FUTURAMA (ANIMATED SERIES)
SEASON 7 EPISODE 1 “THE BOTS AND THE BEES”
Release Date: June 20, 2012 (Setting is 3012)
Horror Crosses: The Fiend Without a Face
Non-Horror Crosses: Jetsons; Forbidden Planet
The Story: Bender becomes a father!
Notes: The “fiend without a face” is now a pet. Bender takes his child to the Rosie D. and Robbie T. Robot Teen Center.

ALTERNATE REALITIES:

TVCU-2: On 22 March 2010, Roy Frumkes confirmed to Fangoria magazine that he would produce a remake of the film in 2011.[11] The online website Dread Central offered an October 2013 update from Frumkes on his Fiend Without a Face remake: "I’ve wanted to do this film for 40 years, so I already had it all in my head, and it wasn’t hard to write. What I didn’t have was the technical information; I’m no science buff. Now I’m interviewing scientists, getting the technology straight. It’s set in a think tank in the Berkshires, and it’s not about young people.
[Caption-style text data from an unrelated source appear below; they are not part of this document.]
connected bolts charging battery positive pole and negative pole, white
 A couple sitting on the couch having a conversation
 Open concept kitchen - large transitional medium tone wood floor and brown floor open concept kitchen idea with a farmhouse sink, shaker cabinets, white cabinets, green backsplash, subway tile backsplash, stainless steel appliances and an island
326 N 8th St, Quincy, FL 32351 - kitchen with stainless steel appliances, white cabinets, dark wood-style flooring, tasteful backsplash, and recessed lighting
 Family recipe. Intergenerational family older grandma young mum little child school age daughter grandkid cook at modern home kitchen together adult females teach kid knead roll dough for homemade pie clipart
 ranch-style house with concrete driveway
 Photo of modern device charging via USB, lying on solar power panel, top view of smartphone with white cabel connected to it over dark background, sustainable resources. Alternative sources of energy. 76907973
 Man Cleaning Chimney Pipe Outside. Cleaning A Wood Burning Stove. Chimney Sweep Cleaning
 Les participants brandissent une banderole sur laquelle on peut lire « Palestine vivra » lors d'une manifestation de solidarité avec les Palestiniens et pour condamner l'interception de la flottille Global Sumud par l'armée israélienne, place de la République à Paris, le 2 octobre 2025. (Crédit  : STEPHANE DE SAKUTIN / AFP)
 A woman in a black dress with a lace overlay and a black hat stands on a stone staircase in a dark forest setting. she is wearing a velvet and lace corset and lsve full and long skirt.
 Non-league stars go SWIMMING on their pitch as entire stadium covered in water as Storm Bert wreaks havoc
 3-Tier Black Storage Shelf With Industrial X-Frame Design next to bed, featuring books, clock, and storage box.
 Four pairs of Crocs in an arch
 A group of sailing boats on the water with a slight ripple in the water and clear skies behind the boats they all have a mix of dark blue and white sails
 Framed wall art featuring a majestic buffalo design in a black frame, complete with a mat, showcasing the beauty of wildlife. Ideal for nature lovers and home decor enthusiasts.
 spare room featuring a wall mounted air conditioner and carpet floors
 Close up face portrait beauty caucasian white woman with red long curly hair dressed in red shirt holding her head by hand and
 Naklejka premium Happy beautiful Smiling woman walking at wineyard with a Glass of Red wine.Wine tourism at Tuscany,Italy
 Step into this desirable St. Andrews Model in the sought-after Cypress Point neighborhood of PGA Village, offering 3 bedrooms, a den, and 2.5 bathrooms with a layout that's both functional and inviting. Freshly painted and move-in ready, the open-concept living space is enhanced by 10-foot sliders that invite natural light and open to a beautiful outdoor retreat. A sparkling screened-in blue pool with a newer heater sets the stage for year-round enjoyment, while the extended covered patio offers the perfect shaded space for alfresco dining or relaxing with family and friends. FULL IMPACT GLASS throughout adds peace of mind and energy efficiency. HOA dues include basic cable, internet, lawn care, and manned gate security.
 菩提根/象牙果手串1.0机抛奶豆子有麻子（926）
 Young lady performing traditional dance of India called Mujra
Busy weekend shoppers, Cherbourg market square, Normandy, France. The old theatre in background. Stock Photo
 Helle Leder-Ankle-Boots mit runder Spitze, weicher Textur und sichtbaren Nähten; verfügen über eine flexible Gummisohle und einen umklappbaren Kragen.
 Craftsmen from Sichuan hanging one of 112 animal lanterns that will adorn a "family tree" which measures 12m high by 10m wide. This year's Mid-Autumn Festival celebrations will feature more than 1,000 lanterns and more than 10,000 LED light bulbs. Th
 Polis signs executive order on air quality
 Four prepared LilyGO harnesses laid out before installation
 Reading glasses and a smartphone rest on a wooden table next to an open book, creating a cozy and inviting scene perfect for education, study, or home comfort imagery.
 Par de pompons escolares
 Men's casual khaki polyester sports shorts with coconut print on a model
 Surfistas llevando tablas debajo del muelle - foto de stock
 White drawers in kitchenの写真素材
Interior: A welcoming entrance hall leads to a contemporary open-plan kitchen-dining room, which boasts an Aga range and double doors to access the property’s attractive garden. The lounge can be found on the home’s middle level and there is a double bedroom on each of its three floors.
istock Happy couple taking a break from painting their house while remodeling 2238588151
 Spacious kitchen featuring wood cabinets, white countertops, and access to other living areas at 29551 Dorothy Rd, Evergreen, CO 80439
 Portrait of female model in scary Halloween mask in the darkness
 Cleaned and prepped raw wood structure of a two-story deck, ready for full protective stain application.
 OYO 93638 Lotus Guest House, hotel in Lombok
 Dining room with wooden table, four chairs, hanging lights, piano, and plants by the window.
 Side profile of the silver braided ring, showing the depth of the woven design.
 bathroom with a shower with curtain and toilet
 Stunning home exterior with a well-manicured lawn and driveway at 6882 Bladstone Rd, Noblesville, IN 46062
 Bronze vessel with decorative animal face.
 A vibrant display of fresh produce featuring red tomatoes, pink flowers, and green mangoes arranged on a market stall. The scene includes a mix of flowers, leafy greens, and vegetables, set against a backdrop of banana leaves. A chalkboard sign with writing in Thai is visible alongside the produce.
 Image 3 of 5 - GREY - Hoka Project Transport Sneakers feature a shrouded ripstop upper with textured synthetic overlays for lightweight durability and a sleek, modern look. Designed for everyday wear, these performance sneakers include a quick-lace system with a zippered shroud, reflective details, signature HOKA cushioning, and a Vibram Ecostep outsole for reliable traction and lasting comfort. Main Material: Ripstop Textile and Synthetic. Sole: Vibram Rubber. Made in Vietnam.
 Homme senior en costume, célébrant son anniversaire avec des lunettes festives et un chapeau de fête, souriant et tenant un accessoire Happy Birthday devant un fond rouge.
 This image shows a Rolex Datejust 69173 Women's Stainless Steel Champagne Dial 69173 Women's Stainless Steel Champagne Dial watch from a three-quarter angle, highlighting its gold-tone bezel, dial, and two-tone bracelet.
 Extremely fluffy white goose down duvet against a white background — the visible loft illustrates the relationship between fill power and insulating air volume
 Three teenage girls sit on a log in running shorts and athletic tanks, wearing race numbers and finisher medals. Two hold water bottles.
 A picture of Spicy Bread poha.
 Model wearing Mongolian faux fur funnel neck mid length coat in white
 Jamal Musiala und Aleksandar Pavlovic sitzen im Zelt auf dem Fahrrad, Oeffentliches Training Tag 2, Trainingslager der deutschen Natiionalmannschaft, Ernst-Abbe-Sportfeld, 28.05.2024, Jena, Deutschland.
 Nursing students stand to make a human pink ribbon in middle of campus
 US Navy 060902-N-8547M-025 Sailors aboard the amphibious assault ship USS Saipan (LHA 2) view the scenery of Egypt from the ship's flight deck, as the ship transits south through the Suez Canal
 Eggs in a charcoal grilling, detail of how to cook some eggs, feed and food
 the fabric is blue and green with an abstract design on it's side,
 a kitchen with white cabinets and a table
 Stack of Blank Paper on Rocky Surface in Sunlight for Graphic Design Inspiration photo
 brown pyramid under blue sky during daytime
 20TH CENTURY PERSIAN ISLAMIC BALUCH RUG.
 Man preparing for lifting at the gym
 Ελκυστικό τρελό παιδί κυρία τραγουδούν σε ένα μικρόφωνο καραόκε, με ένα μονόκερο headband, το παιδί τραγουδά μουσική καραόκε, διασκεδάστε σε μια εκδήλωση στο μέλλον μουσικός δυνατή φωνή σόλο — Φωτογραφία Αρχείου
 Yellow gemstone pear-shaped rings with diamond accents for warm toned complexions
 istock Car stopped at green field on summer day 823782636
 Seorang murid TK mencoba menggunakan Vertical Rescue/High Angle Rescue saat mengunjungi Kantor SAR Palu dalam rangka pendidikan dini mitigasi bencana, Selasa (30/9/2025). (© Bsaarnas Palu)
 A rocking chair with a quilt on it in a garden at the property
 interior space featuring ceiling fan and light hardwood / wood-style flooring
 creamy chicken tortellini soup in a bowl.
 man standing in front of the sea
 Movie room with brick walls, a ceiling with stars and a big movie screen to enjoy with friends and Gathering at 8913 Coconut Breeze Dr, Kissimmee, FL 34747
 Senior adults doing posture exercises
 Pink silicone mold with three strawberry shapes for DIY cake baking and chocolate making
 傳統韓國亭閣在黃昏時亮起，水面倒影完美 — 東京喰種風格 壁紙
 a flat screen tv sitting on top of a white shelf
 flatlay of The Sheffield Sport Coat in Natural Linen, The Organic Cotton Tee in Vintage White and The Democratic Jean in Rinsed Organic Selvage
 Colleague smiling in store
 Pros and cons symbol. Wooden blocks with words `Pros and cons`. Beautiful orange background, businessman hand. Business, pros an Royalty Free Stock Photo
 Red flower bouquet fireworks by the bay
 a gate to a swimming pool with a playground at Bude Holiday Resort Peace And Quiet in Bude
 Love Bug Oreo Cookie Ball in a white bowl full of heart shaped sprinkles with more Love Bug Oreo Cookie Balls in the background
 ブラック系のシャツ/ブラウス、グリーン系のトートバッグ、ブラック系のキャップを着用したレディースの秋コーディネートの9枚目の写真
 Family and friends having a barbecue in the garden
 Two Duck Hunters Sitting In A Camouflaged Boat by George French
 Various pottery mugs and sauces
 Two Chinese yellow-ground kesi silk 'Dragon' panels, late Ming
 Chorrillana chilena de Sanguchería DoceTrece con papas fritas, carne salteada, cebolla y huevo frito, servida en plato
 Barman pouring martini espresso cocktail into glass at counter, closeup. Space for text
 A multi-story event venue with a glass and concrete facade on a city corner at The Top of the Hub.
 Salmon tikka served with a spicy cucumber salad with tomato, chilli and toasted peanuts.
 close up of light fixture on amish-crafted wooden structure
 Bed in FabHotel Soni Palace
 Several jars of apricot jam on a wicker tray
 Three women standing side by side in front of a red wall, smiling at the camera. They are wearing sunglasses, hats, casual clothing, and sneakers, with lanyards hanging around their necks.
It’s a mature film, but it has a Street Trash sensibility, so the people who like my work will not be disappointed." The website also posted a still from a fund-raising trailer Frumkes had shot for the remake with director Franco Frassetti.

Les Jaunes (2014) Poster

TVCU-3:  Rémi Fréchette, a Montreal-based filmmaker, produced, co-wrote and directed a Web series (2013) and a feature film (2014) called Les Jaunes, in close resonance with the themes and images of Fiend Without a Face, including its military aspects, rural setting, and energy-based brain creatures.[12][13]